- [Goal of the exercise]: Pictures stay out of the copy. Transcribe exactly, and only, the line with "Coarse fish feeding" through the last line of the entries below.

────────────────

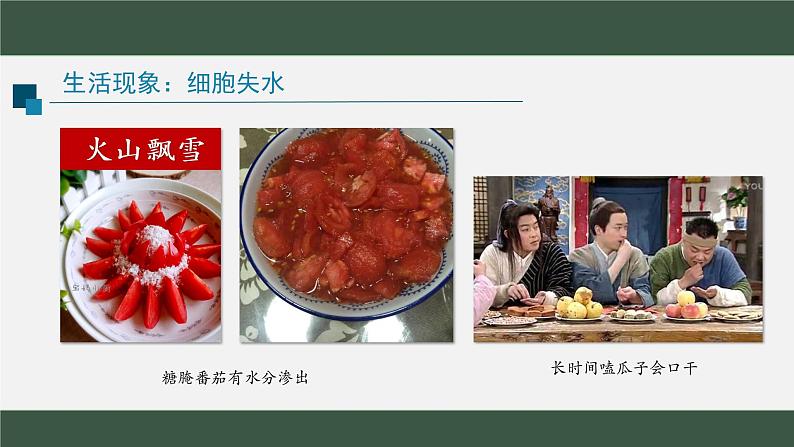 38被动运输(第1课时)第2页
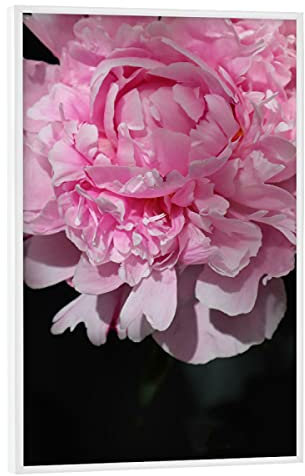 artboxONE Poster mit weißem Rahmen 60x40 cm Floral Pink Peony Art - Bild pink Blume Botanical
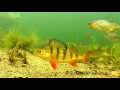Coarse fish feeding underwater: roach perch bream rudd. Рыба на кормёжке под водой.
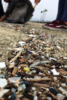Closeup image of plastic pollution in woody debris of a beach wrackline.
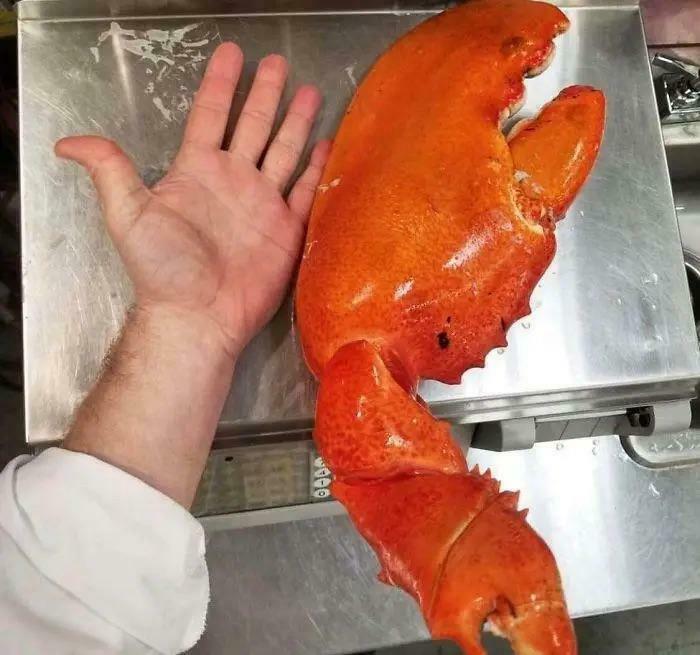 Look at the Absolute Unit of a Lobster Claw I Found!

────────────────

- [Answer below]:
Coarse fish feeding underwater: roach perch bream rudd. Рыба на кормёжке под водой.
Closeup image of plastic pollution in woody debris of a beach wrackline.
 Look at the Absolute Unit of a Lobster Claw I Found!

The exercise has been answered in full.